How to complete this task | Return each entry word for word and skip its pictures.

┄┄┄┄┄┄┄┄┄┄┄┄┄┄┄┄┄┄┄┄

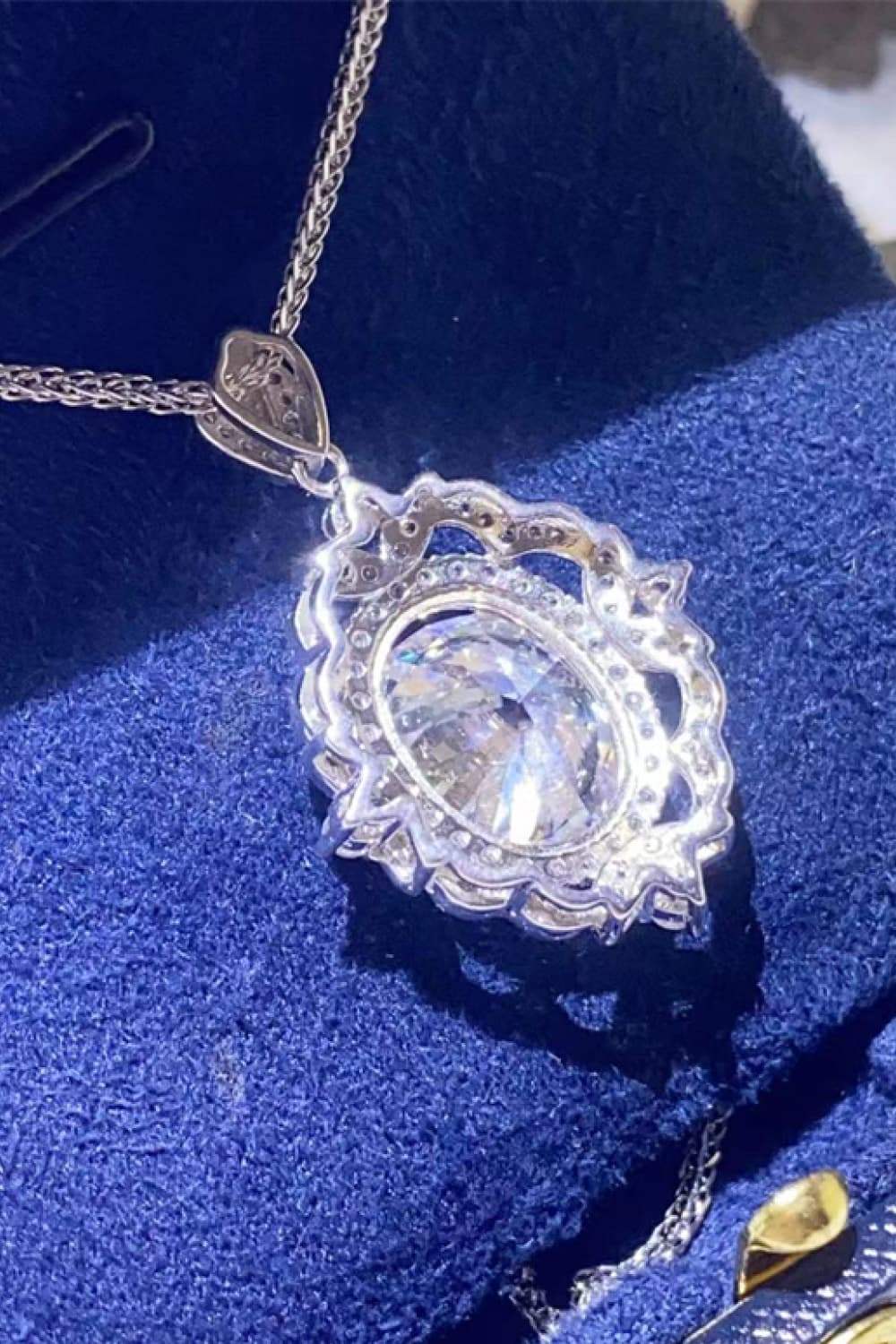 5 Carat Moissanite 925 Sterling Silver Necklace - Trendsi - Flyclothing LLC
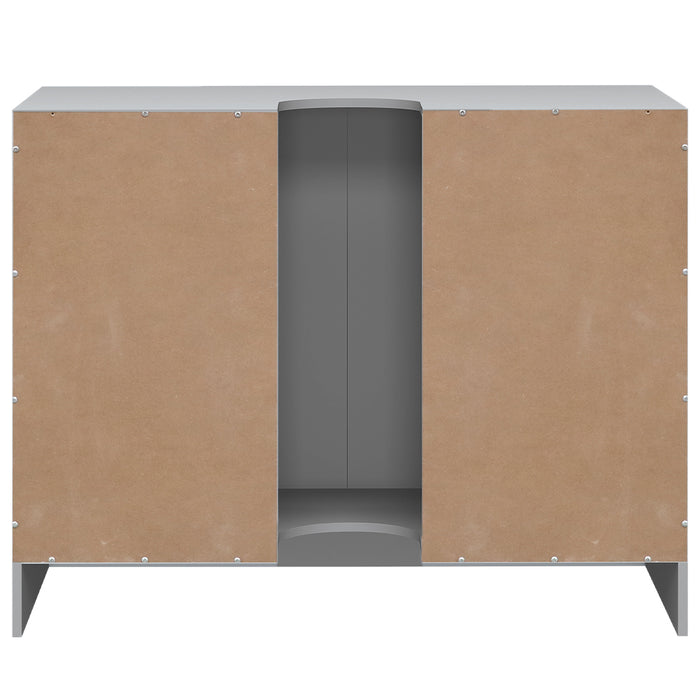 Mobile Sottolavabo da Bagno Linea Pietra Copricolonna con 2Ante Mobiletto Lavabo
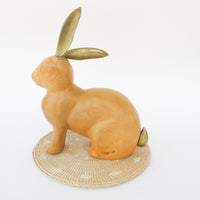 Wood Carved Rabbit with Brass Ears and Tail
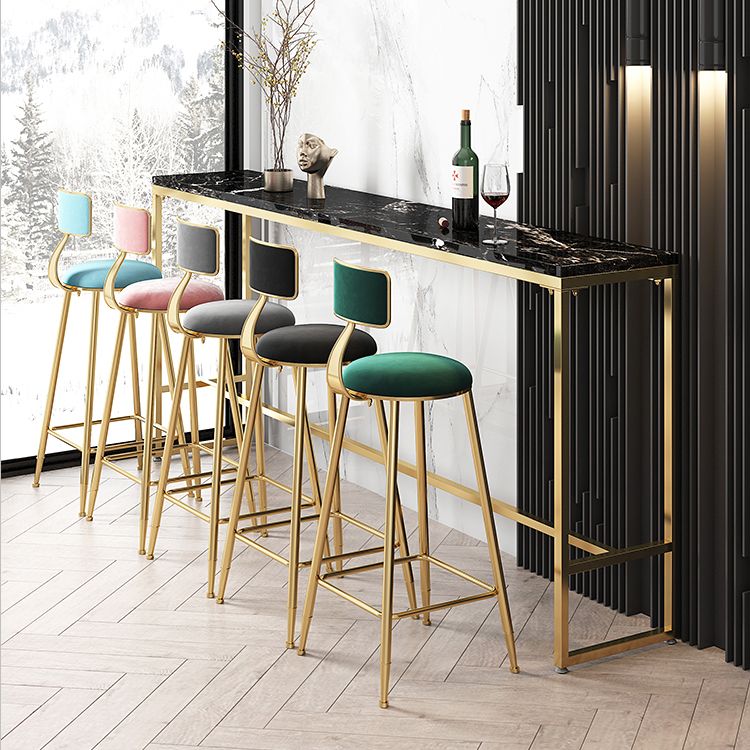 Marble Rectangle Counter Height Dining Table Indoor Footrest Pub Height Dining Table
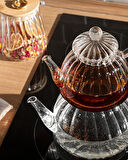 English Home Rosella Borosilikat Cam Çaydanlık 600 ml + 1000 ml Şeffaf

┄┄┄┄┄┄┄┄┄┄┄┄┄┄┄┄┄┄┄┄

Response below |
 5 Carat Moissanite 925 Sterling Silver Necklace - Trendsi - Flyclothing LLC
 Mobile Sottolavabo da Bagno Linea Pietra Copricolonna con 2Ante Mobiletto Lavabo
 Wood Carved Rabbit with Brass Ears and Tail
 Marble Rectangle Counter Height Dining Table Indoor Footrest Pub Height Dining Table
 English Home Rosella Borosilikat Cam Çaydanlık 600 ml + 1000 ml Şeffaf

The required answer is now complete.